Natalia Stachon – All That Is Solid Melts Into Air
October 31 - January 15, 2010
'When the fact fails him, he questions his senses / when the fact fails me, I approve my senses'
The artist Natalia Stachon engraved this passage from a poem by the British poet Robert Graves into two of the elements in Thinking, a group of sculptures. At first glance, one does not notice them. As if to protect them against possible injury, the texts are hidden in the deeper layers of the sculptures, which consist of fifty two-meter-tall Plexiglas stelae distributed among the two rooms of the exhibition space. The stelae leaning on the wall and assembled on the floor appear to be waiting for something. But for what exactly?
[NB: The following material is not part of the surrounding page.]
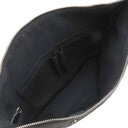 ルイヴィトン LOUIS VUITTON ミック MM N41106 ダミエグラフィット ダミエグラフィットキャンバス ショルダーバッグ シルバー金具 黒 メッセンジャーバッグ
The lines from the poem suggest it, but a possible answer only emerges during the time the viewer dedicates to the interplay between Thinking and the other elements of the exhibition: both the form of the objects and installations made of Plexiglas, drywall, and copper and their arrangement in the space results in a vexingly provisional atmosphere. Everything suggests that all the constellations could shift at any moment. Do the individual objects fuse into a large context? Do the pencil drawings titled Territories turn out to be plans for an architecture of the future? Yet the opposite course would be conceivable as well: the sculptures can slip and break, then someone would come to sweep up the shards and remnants of copper and thus remove the last remaining elements of a building that is breaking down. Stachon’s works revolve around the brief moment in which everything seems possible: the time in which emerging and disappearing hold hands like twins.
This is the second solo exhibition by the artist at the Loock Galerie, the sequel to the exhibition for the opening of its new gallery spaces last year. In coming months her works will be shown at the Pinakothek der Moderne in Munich and at the Galleria Leme in São Paulo, Brazil.
Natalia Stachon (b. 1976 in Katowice, Poland) lives and works in Berlin.